> [What you will do]: Once the line with "卡通横竖切换适用于OPPOp" is found in the data, output it and each following line exactly, up to and including the line with "Мобільна версія 1 Інтернет магазин ОNOVKA", and nothing before or after.

Collected data entries:
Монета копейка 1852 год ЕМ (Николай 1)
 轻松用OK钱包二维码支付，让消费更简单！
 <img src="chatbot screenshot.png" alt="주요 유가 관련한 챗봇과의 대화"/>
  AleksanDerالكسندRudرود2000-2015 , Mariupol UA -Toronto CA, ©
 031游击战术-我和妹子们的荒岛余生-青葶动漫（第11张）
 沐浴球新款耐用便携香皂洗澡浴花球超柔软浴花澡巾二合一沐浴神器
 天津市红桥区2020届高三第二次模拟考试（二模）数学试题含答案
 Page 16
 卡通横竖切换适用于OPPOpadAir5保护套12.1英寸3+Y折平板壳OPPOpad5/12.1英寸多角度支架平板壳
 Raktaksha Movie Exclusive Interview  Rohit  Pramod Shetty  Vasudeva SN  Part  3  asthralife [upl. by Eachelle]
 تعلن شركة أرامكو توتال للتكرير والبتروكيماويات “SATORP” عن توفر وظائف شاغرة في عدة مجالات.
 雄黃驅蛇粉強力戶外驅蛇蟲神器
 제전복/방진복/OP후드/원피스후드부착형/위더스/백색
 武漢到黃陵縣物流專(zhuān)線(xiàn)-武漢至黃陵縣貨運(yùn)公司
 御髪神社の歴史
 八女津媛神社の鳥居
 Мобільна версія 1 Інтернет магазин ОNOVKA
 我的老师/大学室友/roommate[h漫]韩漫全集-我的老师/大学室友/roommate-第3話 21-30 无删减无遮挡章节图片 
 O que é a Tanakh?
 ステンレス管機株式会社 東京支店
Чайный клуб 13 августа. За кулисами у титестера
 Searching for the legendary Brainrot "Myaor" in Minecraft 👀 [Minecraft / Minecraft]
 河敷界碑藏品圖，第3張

> [Exercise answer]:
 卡通横竖切换适用于OPPOpadAir5保护套12.1英寸3+Y折平板壳OPPOpad5/12.1英寸多角度支架平板壳
 Raktaksha Movie Exclusive Interview  Rohit  Pramod Shetty  Vasudeva SN  Part  3  asthralife [upl. by Eachelle]
 تعلن شركة أرامكو توتال للتكرير والبتروكيماويات “SATORP” عن توفر وظائف شاغرة في عدة مجالات.
 雄黃驅蛇粉強力戶外驅蛇蟲神器
 제전복/방진복/OP후드/원피스후드부착형/위더스/백색
 武漢到黃陵縣物流專(zhuān)線(xiàn)-武漢至黃陵縣貨運(yùn)公司
 御髪神社の歴史
 八女津媛神社の鳥居
 Мобільна версія 1 Інтернет магазин ОNOVKA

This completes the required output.